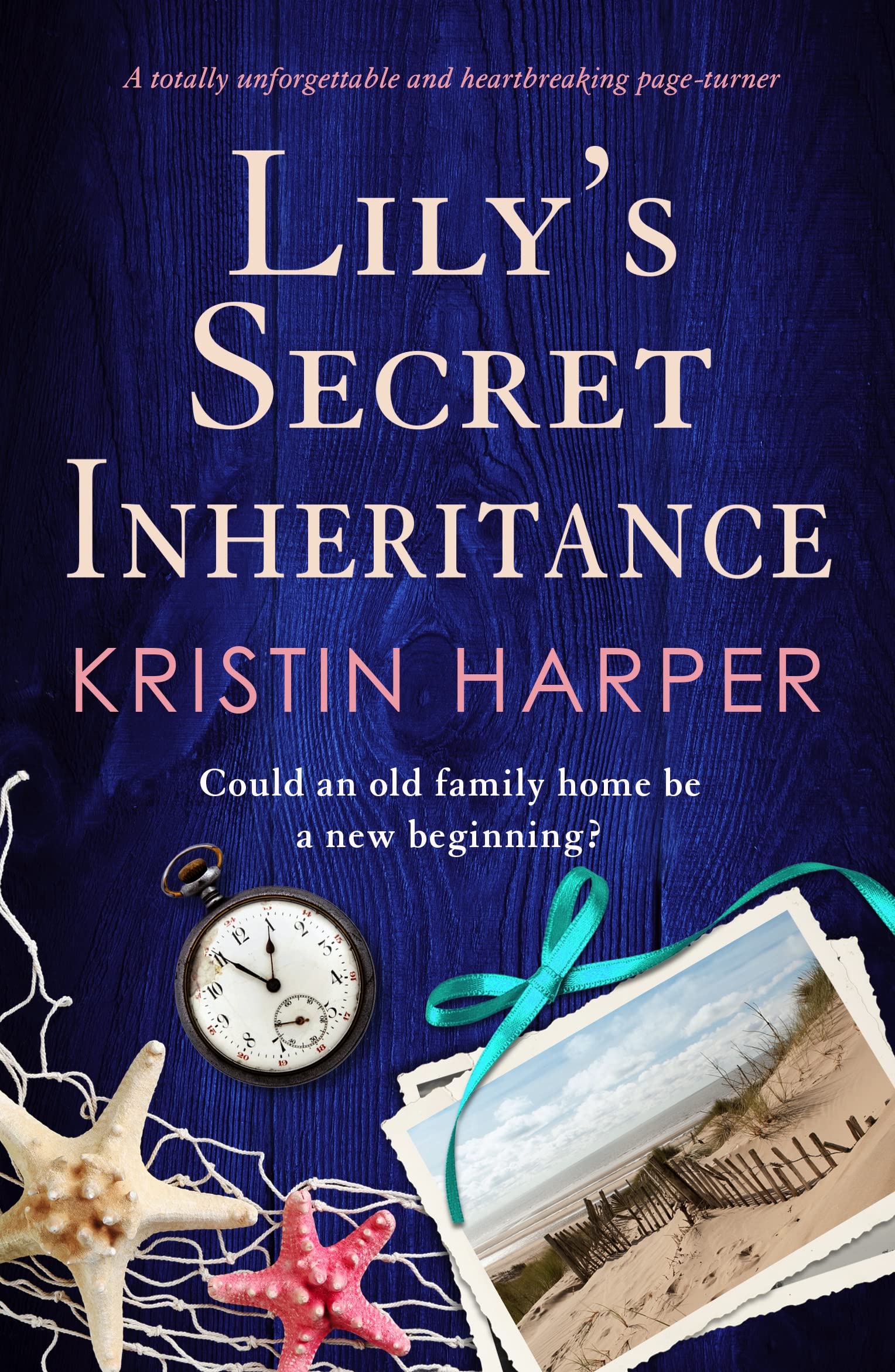 Lily's Secret Inheritance (Dune Island, #4)
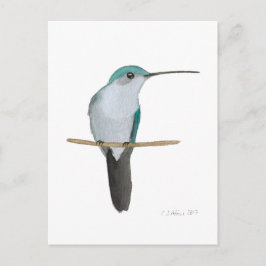 Juvenile Ruby-throated Hummingbird Briefkaart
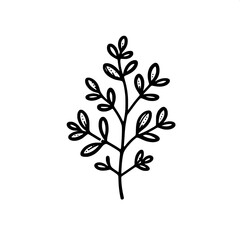 Obraz premium Thyme Twig Line Art SVG | Elegant Herbal Outline in Black & White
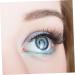 FRCOLOR 5 Pairs Short False Eyelashes Manga False Eyelashes Magnetic Makeup False Lashes 3d Penne Manual 1 count (Pack of 1) Black 3 - Buy Online on GoSupps.com
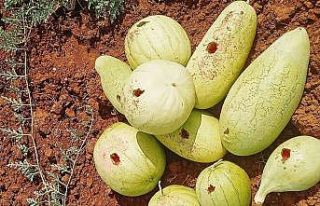 Hasat için bostana giden üreticiler büyük şok...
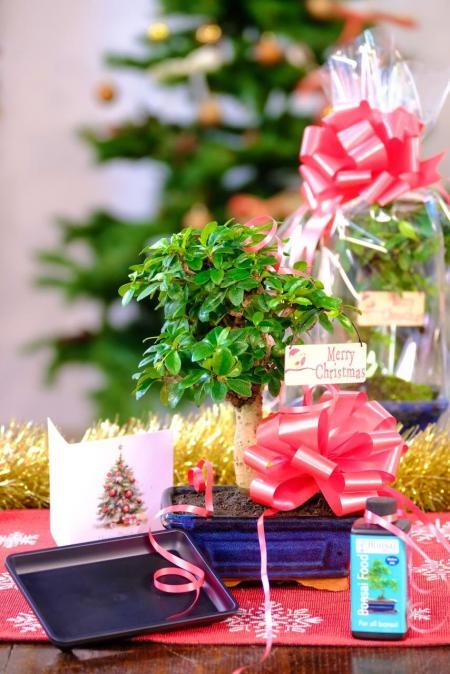 All Wrapped Up – Mini Flowering Bonsai Christmas Gift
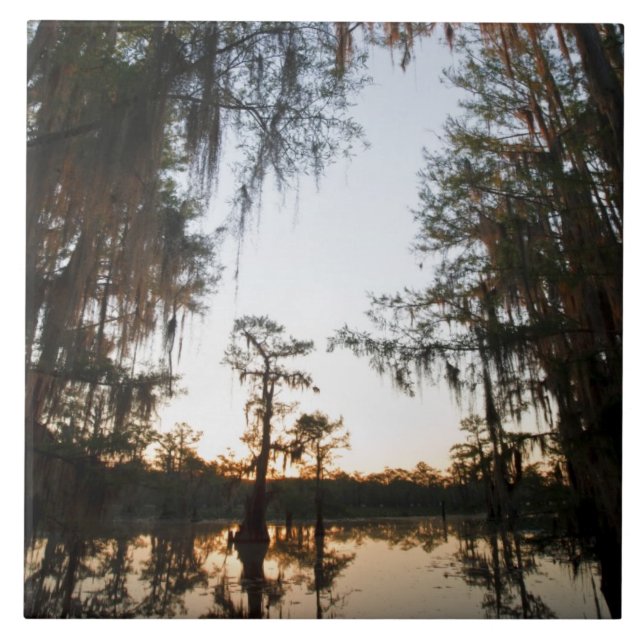 Caddo Lake at sunrise Tile (Front)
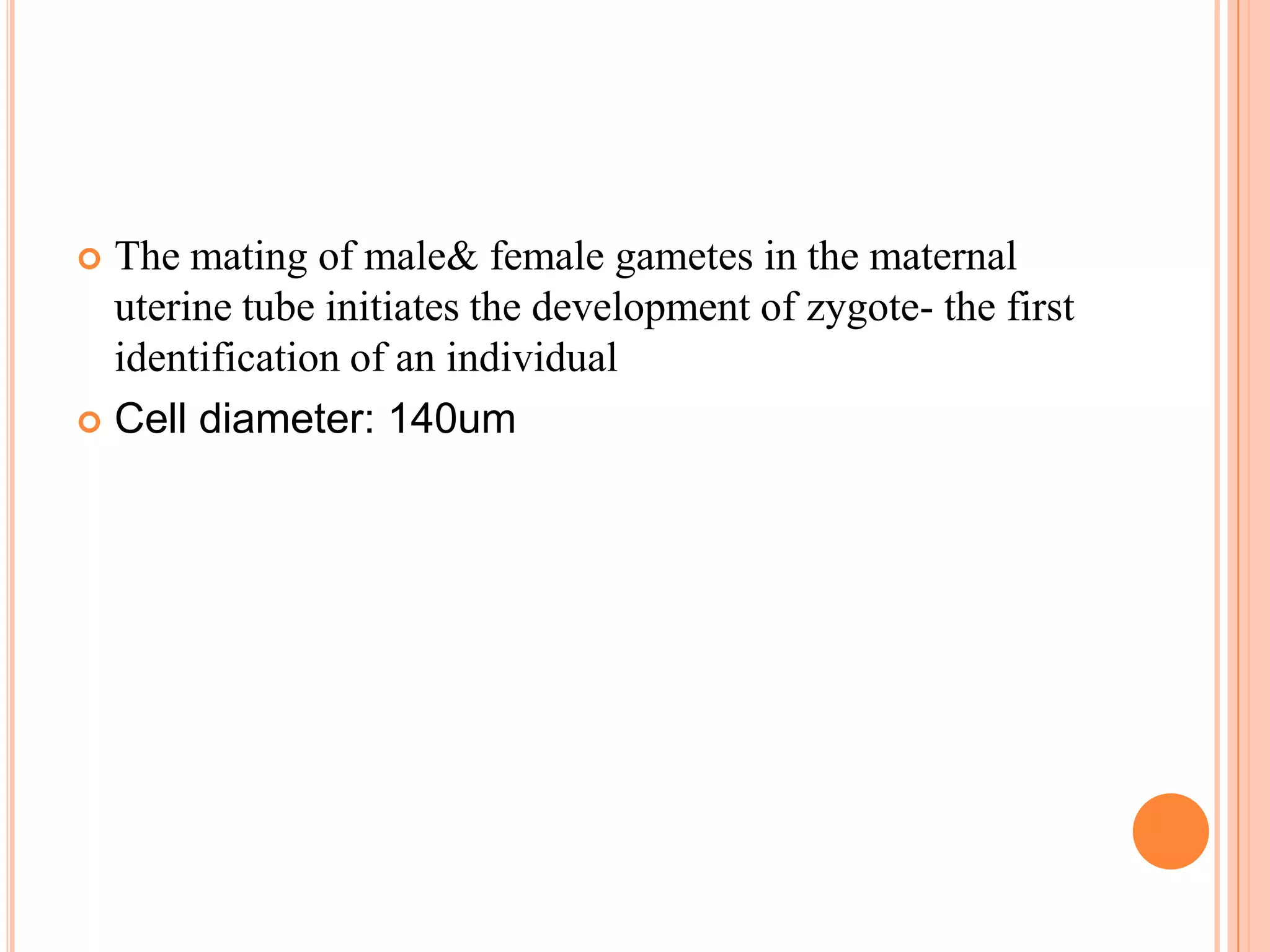  The mating of male& female gametes in the maternal
  uterine tube initiates the development of zygote- the first
  identification of an individual
 Cell diameter: 140um
 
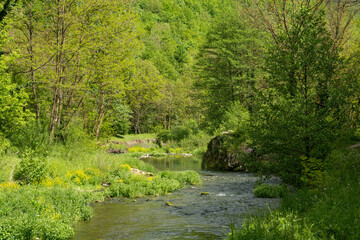 Fototapeta premium Peaceful mountain stream flowing through a lush green forest in spring
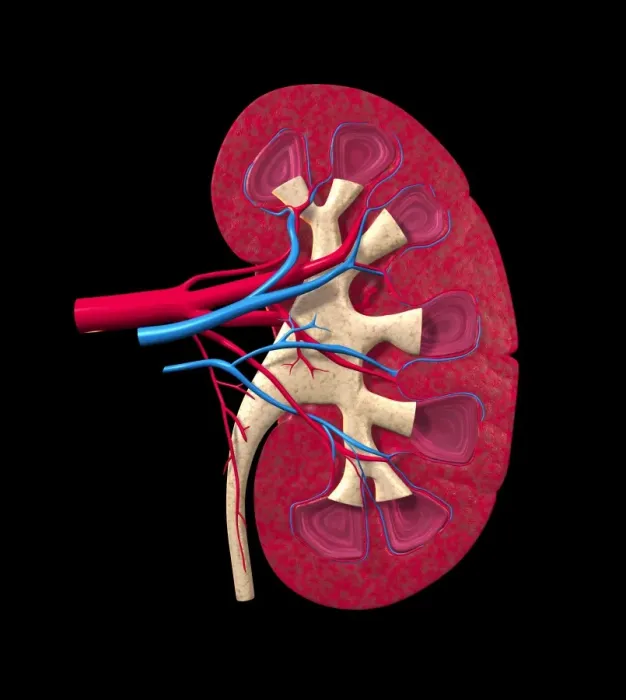 Gerahmter Druck : Kidney Gerahmter Druck : Kidney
☆ ☆ ☆ ☆ ☆ ☆ ☆
» **REQUIREMENT**: For this exercise, return exactly the lines above from the line with "Juvenile Ruby-throated Hummingbird" through the line with "Hasat için bostana", both included. Do not copy the pictures.

» **RESPONSE TO THE EXERCISE**:
 Juvenile Ruby-throated Hummingbird Briefkaart
 Obraz premium Thyme Twig Line Art SVG | Elegant Herbal Outline in Black & White
 FRCOLOR 5 Pairs Short False Eyelashes Manga False Eyelashes Magnetic Makeup False Lashes 3d Penne Manual 1 count (Pack of 1) Black 3 - Buy Online on GoSupps.com
 Hasat için bostana giden üreticiler büyük şok...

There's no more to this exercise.